▸ What you need to do:
Work out how many lines below contain "Pendant". Provide only the figure.

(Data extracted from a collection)
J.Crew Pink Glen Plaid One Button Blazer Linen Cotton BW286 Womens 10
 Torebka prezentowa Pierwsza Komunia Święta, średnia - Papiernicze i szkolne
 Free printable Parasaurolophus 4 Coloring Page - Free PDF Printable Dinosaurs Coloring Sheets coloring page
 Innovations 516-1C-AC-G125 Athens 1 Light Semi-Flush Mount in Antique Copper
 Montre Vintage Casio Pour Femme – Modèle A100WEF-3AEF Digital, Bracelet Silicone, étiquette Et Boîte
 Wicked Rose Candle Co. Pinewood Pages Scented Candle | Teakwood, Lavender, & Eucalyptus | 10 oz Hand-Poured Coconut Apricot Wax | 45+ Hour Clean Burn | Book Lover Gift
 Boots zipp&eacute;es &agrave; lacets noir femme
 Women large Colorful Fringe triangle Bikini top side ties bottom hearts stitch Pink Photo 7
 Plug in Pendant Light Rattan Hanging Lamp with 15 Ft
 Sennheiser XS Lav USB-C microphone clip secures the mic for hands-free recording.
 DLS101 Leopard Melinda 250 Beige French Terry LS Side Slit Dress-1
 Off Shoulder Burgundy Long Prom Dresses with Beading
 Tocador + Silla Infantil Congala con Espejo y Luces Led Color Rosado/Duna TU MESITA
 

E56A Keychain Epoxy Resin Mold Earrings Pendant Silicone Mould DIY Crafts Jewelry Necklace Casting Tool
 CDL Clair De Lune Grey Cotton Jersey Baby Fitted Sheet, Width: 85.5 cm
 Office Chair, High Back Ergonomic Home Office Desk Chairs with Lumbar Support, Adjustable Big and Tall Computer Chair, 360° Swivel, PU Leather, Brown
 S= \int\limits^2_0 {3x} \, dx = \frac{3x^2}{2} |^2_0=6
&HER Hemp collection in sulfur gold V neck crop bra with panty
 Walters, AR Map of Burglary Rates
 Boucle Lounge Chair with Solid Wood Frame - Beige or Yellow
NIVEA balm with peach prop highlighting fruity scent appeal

▸ Expected answer:
2